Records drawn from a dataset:
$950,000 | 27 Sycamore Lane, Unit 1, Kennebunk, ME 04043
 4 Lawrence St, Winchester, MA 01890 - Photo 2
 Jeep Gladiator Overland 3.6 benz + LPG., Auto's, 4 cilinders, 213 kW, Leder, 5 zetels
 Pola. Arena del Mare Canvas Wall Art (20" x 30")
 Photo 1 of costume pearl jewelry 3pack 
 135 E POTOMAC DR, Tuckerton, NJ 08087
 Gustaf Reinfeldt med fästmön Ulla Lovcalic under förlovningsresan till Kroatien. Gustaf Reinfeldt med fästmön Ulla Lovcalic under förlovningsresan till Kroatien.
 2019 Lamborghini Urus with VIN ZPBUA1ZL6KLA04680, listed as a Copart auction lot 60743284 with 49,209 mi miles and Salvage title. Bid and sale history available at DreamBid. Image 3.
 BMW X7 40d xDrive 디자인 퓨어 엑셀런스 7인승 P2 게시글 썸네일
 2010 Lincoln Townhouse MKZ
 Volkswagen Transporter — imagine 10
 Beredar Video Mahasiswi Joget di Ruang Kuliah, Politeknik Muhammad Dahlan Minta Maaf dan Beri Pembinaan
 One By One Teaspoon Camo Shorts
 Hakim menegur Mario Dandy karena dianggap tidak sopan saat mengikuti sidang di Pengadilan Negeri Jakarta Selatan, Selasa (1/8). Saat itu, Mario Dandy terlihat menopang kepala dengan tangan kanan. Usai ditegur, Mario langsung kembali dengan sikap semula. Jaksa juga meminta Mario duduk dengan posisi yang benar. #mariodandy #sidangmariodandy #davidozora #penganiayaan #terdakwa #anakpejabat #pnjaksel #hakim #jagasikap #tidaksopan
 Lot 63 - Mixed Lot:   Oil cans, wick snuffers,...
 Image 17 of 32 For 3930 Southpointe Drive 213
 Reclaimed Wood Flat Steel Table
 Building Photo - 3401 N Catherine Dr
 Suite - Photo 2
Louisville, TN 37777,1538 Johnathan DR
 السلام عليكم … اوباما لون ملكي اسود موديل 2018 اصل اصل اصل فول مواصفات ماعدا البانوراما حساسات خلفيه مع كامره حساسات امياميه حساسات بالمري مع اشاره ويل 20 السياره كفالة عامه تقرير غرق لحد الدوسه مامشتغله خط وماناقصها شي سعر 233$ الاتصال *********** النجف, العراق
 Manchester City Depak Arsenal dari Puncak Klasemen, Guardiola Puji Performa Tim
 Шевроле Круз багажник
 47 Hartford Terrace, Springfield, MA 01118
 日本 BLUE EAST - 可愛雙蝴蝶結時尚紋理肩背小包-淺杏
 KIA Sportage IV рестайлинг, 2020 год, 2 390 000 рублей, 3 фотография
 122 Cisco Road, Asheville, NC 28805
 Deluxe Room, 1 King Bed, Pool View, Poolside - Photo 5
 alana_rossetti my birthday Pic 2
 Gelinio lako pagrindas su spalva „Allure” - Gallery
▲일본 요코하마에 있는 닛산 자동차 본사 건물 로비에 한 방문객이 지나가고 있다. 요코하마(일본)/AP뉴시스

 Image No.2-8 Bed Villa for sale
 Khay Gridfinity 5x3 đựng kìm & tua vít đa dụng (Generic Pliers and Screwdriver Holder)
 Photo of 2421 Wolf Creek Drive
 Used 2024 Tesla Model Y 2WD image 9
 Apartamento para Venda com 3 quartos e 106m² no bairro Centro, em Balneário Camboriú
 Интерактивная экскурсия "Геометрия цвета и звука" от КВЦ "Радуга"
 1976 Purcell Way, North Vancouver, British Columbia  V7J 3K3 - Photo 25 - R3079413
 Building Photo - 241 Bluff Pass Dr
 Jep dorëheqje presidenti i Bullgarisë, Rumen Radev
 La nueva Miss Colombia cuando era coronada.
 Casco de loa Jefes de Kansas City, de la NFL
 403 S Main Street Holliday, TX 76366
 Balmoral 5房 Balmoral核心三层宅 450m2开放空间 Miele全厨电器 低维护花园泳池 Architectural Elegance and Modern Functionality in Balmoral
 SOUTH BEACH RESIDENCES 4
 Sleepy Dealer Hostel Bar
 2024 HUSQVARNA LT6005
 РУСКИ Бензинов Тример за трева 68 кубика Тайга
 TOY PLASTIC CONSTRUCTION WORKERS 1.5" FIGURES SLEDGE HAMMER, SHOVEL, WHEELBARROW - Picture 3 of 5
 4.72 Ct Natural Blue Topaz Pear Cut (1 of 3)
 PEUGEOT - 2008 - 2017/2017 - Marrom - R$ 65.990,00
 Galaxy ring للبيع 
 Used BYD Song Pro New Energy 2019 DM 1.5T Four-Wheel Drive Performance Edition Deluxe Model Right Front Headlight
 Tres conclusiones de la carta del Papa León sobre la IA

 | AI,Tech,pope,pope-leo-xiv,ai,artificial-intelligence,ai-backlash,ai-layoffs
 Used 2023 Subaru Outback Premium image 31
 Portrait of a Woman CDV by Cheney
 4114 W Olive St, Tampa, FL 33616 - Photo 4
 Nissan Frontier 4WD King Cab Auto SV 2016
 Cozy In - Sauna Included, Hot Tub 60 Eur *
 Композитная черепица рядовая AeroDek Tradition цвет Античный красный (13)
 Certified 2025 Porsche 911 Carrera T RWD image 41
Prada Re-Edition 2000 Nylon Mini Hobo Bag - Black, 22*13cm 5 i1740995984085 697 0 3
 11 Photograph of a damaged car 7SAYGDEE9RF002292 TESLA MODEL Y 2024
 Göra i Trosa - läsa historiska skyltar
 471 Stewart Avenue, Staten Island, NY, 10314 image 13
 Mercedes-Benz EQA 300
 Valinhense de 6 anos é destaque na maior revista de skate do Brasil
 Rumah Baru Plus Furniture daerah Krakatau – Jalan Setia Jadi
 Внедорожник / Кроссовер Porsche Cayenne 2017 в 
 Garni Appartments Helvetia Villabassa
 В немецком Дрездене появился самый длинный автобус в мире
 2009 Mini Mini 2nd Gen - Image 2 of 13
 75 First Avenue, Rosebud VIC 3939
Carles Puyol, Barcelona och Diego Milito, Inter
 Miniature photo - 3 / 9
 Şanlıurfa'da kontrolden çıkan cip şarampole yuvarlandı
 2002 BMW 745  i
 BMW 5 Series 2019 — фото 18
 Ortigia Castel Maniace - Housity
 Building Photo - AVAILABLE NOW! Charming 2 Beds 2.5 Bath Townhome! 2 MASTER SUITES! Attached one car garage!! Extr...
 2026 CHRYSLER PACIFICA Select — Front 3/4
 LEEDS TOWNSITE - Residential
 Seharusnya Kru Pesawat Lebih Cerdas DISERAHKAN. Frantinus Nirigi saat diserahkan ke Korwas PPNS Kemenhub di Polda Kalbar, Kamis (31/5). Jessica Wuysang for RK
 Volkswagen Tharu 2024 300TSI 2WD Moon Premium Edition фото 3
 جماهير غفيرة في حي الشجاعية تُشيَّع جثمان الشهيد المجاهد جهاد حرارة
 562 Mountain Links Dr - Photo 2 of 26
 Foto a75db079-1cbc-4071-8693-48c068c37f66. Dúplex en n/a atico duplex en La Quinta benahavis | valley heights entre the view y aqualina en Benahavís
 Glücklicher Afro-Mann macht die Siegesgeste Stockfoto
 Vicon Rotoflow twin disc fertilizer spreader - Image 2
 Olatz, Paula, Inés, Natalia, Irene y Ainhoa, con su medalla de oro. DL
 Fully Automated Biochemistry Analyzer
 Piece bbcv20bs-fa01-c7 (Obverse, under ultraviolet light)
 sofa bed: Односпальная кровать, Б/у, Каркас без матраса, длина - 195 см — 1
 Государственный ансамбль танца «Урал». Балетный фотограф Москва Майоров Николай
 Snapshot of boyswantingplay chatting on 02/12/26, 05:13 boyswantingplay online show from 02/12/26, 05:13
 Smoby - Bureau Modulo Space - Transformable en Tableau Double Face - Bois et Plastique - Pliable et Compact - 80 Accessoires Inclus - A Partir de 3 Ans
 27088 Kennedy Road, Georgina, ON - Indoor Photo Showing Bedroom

**Assigned task**
An exact, complete copy of the lines above from the one with "Gelinio lako pagrindas" through the one with "Mercedes-Benz EQA 300" is the whole answer.

**Answer box**
 Gelinio lako pagrindas su spalva „Allure” - Gallery
▲일본 요코하마에 있는 닛산 자동차 본사 건물 로비에 한 방문객이 지나가고 있다. 요코하마(일본)/AP뉴시스

 Image No.2-8 Bed Villa for sale
 Khay Gridfinity 5x3 đựng kìm & tua vít đa dụng (Generic Pliers and Screwdriver Holder)
 Photo of 2421 Wolf Creek Drive
 Used 2024 Tesla Model Y 2WD image 9
 Apartamento para Venda com 3 quartos e 106m² no bairro Centro, em Balneário Camboriú
 Интерактивная экскурсия "Геометрия цвета и звука" от КВЦ "Радуга"
 1976 Purcell Way, North Vancouver, British Columbia  V7J 3K3 - Photo 25 - R3079413
 Building Photo - 241 Bluff Pass Dr
 Jep dorëheqje presidenti i Bullgarisë, Rumen Radev
 La nueva Miss Colombia cuando era coronada.
 Casco de loa Jefes de Kansas City, de la NFL
 403 S Main Street Holliday, TX 76366
 Balmoral 5房 Balmoral核心三层宅 450m2开放空间 Miele全厨电器 低维护花园泳池 Architectural Elegance and Modern Functionality in Balmoral
 SOUTH BEACH RESIDENCES 4
 Sleepy Dealer Hostel Bar
 2024 HUSQVARNA LT6005
 РУСКИ Бензинов Тример за трева 68 кубика Тайга
 TOY PLASTIC CONSTRUCTION WORKERS 1.5" FIGURES SLEDGE HAMMER, SHOVEL, WHEELBARROW - Picture 3 of 5
 4.72 Ct Natural Blue Topaz Pear Cut (1 of 3)
 PEUGEOT - 2008 - 2017/2017 - Marrom - R$ 65.990,00
 Galaxy ring للبيع 
 Used BYD Song Pro New Energy 2019 DM 1.5T Four-Wheel Drive Performance Edition Deluxe Model Right Front Headlight
 Tres conclusiones de la carta del Papa León sobre la IA

 | AI,Tech,pope,pope-leo-xiv,ai,artificial-intelligence,ai-backlash,ai-layoffs
 Used 2023 Subaru Outback Premium image 31
 Portrait of a Woman CDV by Cheney
 4114 W Olive St, Tampa, FL 33616 - Photo 4
 Nissan Frontier 4WD King Cab Auto SV 2016
 Cozy In - Sauna Included, Hot Tub 60 Eur *
 Композитная черепица рядовая AeroDek Tradition цвет Античный красный (13)
 Certified 2025 Porsche 911 Carrera T RWD image 41
Prada Re-Edition 2000 Nylon Mini Hobo Bag - Black, 22*13cm 5 i1740995984085 697 0 3
 11 Photograph of a damaged car 7SAYGDEE9RF002292 TESLA MODEL Y 2024
 Göra i Trosa - läsa historiska skyltar
 471 Stewart Avenue, Staten Island, NY, 10314 image 13
 Mercedes-Benz EQA 300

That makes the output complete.